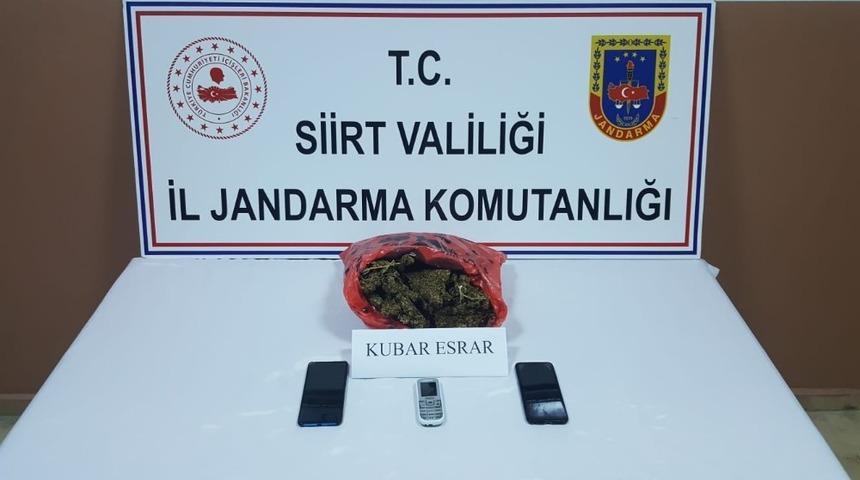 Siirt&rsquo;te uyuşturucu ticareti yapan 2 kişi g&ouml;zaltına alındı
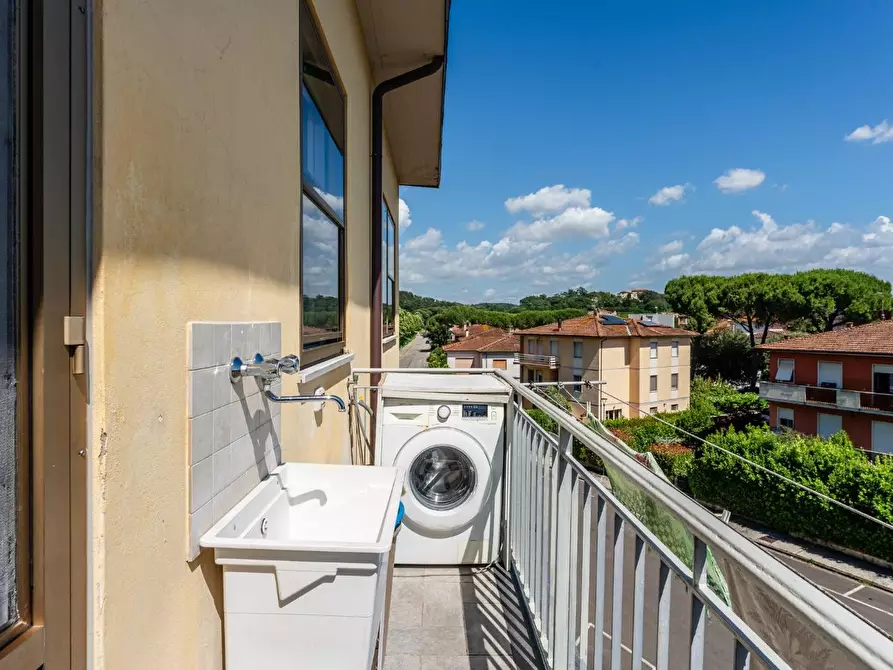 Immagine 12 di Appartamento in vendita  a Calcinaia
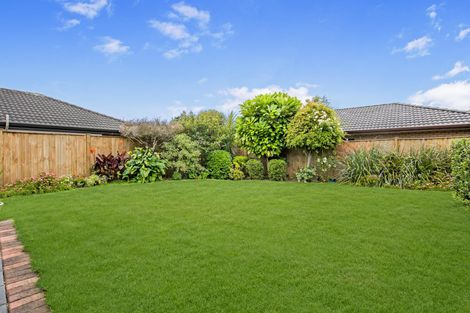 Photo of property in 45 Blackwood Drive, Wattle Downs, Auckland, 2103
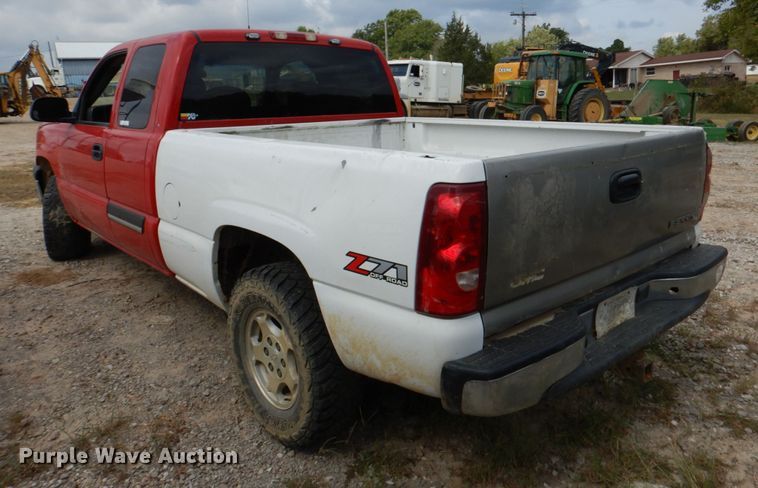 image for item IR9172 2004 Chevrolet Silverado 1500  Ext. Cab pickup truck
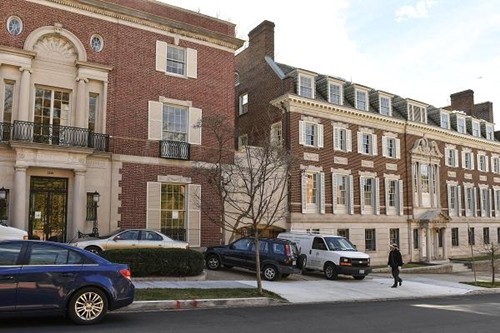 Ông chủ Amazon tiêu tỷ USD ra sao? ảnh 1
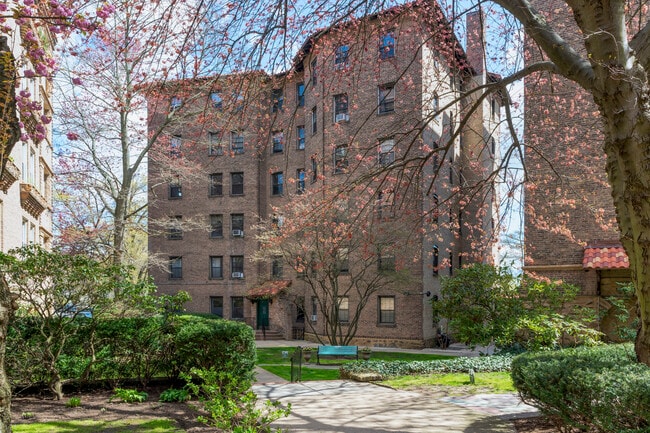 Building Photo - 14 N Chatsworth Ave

▬▬▬

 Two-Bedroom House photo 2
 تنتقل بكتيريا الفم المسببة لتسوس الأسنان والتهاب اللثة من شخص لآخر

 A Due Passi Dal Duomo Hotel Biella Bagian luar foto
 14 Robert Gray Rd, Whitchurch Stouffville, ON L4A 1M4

▬▬▬

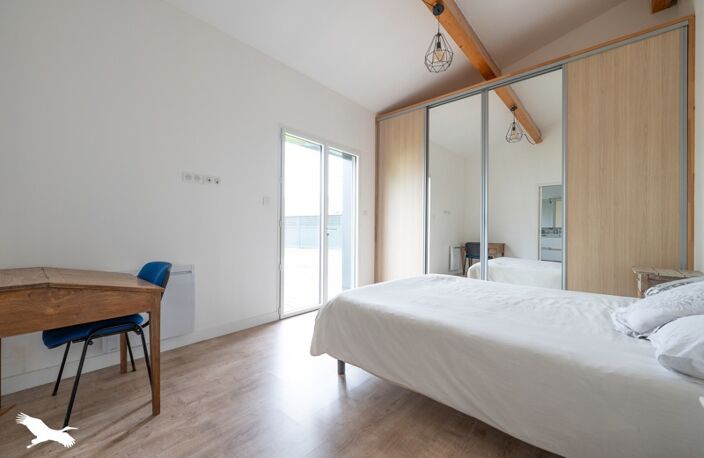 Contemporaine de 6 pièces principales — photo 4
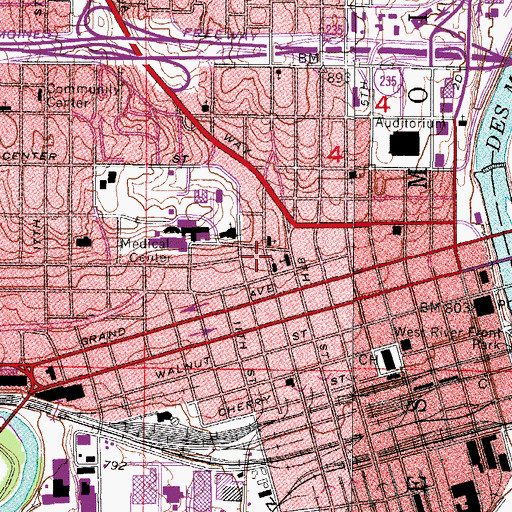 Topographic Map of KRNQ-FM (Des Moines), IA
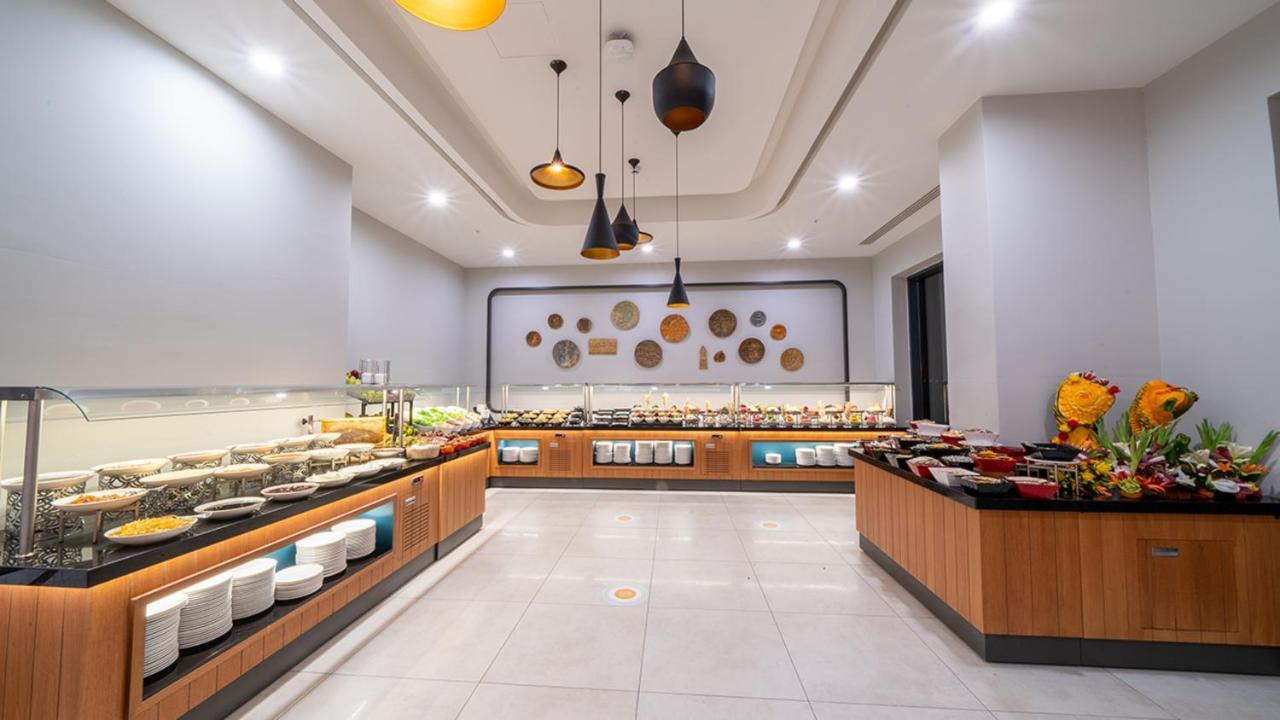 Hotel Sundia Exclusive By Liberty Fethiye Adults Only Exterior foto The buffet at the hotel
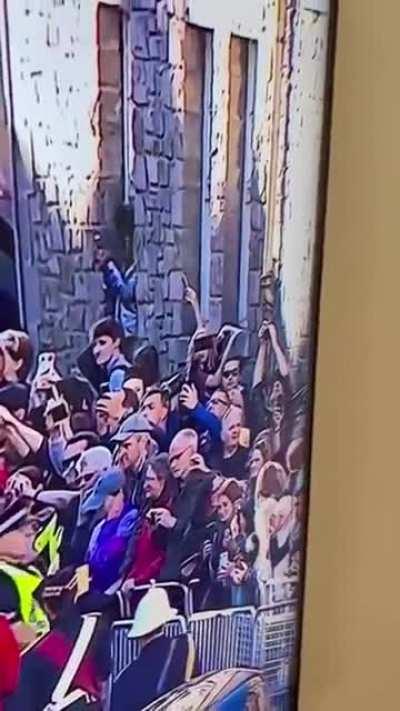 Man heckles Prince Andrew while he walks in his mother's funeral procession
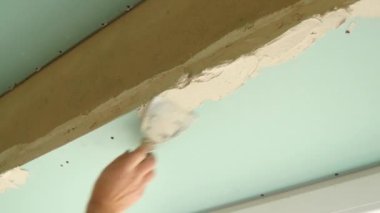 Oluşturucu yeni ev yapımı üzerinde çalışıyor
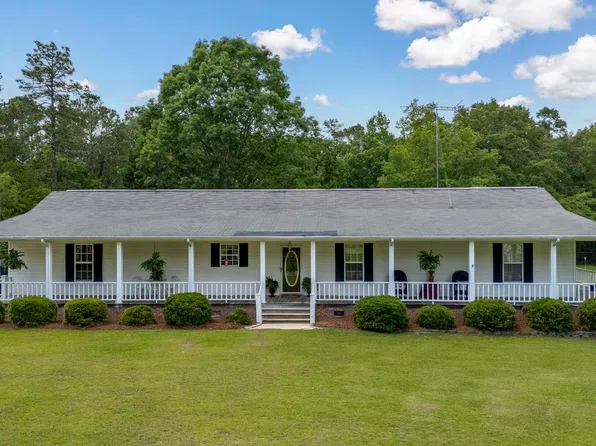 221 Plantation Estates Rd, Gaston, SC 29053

▬▬▬

Problem description: Restate word for word the lines in the material above from the one with "A Due Passi" to the one with "14 Robert Gray"; both of those lines count, and nothing else does.

Result:
 A Due Passi Dal Duomo Hotel Biella Bagian luar foto
 14 Robert Gray Rd, Whitchurch Stouffville, ON L4A 1M4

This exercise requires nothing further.